- **ASSIGNED TASK**:
Below are some records; quote exactly the lines from the one that contains "Цестоды Являются биогельминтами" through the one that contains "Photo of Buffy Nord Wulf", inclusive, and no others.

- **PROVIDED RECORDS**:
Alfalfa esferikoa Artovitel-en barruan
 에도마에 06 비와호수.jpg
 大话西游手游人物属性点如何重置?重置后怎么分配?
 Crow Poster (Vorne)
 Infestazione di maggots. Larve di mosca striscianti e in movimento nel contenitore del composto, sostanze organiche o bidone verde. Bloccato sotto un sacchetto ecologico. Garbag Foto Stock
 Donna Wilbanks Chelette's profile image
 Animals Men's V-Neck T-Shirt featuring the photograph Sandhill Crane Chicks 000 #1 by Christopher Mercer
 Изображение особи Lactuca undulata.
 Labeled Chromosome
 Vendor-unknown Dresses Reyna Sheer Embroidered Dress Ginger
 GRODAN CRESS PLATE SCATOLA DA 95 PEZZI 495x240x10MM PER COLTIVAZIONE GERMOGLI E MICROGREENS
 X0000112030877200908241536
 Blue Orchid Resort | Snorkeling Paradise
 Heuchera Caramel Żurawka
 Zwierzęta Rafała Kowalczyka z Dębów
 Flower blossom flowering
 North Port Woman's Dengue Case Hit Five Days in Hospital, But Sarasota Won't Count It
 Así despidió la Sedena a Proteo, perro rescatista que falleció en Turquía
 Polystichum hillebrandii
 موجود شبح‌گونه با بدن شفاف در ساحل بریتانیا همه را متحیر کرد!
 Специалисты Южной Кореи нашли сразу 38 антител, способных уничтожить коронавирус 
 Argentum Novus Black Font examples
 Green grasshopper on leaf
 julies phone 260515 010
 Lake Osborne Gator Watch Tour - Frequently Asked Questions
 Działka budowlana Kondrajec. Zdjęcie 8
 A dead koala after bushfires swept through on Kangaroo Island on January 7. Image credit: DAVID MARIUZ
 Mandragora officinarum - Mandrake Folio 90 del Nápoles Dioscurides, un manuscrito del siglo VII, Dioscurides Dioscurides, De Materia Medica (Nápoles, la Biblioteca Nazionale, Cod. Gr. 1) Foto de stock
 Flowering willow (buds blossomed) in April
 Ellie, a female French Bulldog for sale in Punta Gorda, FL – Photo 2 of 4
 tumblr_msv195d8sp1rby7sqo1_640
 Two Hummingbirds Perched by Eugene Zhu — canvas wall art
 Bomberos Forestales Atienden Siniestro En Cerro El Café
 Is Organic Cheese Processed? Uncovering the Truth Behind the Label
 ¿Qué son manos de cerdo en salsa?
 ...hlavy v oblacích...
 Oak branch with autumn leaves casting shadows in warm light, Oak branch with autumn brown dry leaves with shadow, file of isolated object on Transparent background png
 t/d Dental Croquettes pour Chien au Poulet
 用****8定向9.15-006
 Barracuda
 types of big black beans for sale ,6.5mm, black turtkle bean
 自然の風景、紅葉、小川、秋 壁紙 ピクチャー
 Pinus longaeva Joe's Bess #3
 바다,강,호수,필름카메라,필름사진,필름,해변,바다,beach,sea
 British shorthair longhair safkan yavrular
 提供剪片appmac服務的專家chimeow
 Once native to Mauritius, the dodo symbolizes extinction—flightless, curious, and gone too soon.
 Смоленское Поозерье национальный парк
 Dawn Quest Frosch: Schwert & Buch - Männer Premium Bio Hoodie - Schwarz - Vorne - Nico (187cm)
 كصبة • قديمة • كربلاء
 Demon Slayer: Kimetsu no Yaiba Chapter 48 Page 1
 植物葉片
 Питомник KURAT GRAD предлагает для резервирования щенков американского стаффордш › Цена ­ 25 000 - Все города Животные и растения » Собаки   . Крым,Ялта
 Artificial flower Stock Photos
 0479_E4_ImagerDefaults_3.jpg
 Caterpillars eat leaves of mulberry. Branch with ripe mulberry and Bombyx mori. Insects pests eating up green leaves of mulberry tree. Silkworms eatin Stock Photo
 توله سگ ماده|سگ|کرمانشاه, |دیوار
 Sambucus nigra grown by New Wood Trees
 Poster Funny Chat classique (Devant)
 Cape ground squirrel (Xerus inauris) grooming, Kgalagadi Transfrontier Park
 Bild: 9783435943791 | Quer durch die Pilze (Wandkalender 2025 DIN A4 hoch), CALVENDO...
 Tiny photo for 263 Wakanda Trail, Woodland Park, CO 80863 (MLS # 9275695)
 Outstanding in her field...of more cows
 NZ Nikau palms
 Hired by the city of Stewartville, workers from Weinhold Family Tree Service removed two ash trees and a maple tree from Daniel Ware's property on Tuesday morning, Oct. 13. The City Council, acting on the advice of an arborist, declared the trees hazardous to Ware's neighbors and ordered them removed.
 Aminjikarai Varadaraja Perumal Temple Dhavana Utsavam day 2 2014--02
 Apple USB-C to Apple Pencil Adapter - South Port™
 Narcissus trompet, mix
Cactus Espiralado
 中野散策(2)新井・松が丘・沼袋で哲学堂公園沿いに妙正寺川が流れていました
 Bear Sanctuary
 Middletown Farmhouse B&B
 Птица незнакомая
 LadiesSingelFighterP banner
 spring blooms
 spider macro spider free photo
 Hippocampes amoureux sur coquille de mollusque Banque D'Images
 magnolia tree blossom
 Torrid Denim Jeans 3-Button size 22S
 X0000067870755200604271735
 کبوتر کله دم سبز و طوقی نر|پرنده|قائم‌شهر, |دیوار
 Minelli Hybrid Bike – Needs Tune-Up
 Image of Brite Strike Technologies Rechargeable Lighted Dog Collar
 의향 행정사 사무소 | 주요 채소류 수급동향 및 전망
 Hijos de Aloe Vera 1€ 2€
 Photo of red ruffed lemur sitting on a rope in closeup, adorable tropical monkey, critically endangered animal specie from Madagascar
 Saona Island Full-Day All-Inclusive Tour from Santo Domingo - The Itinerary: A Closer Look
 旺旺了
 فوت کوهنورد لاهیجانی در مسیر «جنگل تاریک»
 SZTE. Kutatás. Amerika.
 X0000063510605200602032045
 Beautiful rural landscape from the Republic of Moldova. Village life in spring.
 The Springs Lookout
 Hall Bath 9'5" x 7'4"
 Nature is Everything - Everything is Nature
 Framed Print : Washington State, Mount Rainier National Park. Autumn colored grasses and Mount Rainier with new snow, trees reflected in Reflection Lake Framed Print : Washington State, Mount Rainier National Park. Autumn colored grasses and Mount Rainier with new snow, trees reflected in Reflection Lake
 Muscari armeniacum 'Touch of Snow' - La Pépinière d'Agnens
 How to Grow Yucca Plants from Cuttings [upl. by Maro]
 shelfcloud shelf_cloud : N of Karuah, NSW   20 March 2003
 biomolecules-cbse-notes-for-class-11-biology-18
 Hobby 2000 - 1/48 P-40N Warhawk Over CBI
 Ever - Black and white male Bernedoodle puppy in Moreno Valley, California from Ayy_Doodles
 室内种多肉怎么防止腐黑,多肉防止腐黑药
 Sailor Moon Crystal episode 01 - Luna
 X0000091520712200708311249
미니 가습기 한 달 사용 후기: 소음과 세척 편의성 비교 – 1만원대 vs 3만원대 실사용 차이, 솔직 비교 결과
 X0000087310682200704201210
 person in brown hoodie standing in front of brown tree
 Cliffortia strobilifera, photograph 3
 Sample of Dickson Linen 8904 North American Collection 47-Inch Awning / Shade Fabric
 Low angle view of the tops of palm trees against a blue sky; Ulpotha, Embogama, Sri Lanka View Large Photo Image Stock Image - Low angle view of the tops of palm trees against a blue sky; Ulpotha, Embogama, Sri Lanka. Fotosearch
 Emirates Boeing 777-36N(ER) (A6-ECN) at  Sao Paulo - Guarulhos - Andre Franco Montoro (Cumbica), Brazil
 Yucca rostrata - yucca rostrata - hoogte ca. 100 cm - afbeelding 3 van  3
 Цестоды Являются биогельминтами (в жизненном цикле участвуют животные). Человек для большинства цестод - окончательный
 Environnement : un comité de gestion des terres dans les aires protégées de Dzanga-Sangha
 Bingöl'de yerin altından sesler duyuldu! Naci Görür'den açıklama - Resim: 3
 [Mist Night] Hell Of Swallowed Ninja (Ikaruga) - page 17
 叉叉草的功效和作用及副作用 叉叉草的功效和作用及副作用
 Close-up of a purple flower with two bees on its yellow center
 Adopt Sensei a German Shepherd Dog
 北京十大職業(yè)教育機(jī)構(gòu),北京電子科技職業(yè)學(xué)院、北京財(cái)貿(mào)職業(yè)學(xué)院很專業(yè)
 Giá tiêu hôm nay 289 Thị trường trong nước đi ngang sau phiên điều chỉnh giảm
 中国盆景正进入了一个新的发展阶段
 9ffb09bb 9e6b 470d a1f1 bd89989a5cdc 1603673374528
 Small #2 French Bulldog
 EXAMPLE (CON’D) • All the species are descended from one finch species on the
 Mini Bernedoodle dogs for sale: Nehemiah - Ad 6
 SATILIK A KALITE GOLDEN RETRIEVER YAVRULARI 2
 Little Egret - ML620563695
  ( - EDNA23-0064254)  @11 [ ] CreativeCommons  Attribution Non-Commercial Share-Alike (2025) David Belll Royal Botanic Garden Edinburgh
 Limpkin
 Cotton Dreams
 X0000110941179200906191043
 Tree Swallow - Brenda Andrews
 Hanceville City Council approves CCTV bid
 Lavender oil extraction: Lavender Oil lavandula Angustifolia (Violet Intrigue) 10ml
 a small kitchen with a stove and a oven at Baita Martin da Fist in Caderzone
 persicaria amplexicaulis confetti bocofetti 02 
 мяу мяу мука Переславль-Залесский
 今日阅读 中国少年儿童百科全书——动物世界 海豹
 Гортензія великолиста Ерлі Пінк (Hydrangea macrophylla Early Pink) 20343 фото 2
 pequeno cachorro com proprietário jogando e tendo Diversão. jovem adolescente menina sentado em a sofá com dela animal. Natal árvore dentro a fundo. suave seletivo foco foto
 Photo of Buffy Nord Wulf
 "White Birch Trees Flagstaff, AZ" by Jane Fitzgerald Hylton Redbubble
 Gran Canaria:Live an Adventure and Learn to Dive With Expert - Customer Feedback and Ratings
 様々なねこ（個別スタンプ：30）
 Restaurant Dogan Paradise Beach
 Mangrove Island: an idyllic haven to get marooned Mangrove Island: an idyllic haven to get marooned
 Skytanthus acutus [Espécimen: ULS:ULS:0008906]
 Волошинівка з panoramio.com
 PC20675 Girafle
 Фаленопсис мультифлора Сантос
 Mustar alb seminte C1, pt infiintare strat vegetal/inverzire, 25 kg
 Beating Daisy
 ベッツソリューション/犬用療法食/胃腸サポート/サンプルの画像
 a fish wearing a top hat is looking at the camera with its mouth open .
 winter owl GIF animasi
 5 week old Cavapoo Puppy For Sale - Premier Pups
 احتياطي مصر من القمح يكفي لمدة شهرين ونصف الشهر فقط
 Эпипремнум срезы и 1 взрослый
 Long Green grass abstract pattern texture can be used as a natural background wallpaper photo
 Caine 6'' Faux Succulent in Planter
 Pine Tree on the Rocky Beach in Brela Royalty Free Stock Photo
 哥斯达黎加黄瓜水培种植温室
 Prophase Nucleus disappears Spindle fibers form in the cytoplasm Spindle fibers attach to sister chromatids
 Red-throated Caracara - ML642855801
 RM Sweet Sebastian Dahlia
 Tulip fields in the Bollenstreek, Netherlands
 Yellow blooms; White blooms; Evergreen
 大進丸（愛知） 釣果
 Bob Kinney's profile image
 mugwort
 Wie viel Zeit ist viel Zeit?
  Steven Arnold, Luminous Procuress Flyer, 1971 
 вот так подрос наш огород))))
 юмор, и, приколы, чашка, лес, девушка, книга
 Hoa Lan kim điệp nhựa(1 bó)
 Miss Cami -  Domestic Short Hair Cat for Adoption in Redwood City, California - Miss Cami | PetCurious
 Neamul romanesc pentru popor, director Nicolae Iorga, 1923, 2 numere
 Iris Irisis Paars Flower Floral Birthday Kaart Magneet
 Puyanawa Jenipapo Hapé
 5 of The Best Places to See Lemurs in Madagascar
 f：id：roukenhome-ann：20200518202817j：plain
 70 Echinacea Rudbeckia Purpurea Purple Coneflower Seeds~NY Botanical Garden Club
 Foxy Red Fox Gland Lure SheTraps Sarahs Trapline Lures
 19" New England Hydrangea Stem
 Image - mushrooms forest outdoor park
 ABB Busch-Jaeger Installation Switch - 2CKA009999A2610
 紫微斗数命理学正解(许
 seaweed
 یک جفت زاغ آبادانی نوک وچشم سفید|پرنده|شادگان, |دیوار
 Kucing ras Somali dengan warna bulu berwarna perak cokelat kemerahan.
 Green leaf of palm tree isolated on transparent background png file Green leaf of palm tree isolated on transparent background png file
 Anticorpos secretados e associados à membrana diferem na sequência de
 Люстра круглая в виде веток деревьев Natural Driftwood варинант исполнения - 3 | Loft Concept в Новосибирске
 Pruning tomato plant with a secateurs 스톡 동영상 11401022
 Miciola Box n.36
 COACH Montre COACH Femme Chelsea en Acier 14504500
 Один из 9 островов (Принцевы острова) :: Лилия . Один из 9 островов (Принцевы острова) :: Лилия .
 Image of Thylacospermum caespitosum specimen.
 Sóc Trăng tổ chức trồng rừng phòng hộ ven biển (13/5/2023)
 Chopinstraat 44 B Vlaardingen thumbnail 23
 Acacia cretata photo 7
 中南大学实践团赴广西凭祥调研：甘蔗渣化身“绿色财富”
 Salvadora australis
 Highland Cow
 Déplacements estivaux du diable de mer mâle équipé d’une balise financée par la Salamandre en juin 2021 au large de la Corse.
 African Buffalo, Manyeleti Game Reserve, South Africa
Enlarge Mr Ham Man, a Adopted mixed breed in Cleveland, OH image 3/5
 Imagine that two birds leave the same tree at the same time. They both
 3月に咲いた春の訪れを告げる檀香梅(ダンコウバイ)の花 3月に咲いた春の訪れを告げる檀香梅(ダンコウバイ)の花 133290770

- **RESULT**:
 Цестоды Являются биогельминтами (в жизненном цикле участвуют животные). Человек для большинства цестод - окончательный
 Environnement : un comité de gestion des terres dans les aires protégées de Dzanga-Sangha
 Bingöl'de yerin altından sesler duyuldu! Naci Görür'den açıklama - Resim: 3
 [Mist Night] Hell Of Swallowed Ninja (Ikaruga) - page 17
 叉叉草的功效和作用及副作用 叉叉草的功效和作用及副作用
 Close-up of a purple flower with two bees on its yellow center
 Adopt Sensei a German Shepherd Dog
 北京十大職業(yè)教育機(jī)構(gòu),北京電子科技職業(yè)學(xué)院、北京財(cái)貿(mào)職業(yè)學(xué)院很專業(yè)
 Giá tiêu hôm nay 289 Thị trường trong nước đi ngang sau phiên điều chỉnh giảm
 中国盆景正进入了一个新的发展阶段
 9ffb09bb 9e6b 470d a1f1 bd89989a5cdc 1603673374528
 Small #2 French Bulldog
 EXAMPLE (CON’D) • All the species are descended from one finch species on the
 Mini Bernedoodle dogs for sale: Nehemiah - Ad 6
 SATILIK A KALITE GOLDEN RETRIEVER YAVRULARI 2
 Little Egret - ML620563695
  ( - EDNA23-0064254)  @11 [ ] CreativeCommons  Attribution Non-Commercial Share-Alike (2025) David Belll Royal Botanic Garden Edinburgh
 Limpkin
 Cotton Dreams
 X0000110941179200906191043
 Tree Swallow - Brenda Andrews
 Hanceville City Council approves CCTV bid
 Lavender oil extraction: Lavender Oil lavandula Angustifolia (Violet Intrigue) 10ml
 a small kitchen with a stove and a oven at Baita Martin da Fist in Caderzone
 persicaria amplexicaulis confetti bocofetti 02 
 мяу мяу мука Переславль-Залесский
 今日阅读 中国少年儿童百科全书——动物世界 海豹
 Гортензія великолиста Ерлі Пінк (Hydrangea macrophylla Early Pink) 20343 фото 2
 pequeno cachorro com proprietário jogando e tendo Diversão. jovem adolescente menina sentado em a sofá com dela animal. Natal árvore dentro a fundo. suave seletivo foco foto
 Photo of Buffy Nord Wulf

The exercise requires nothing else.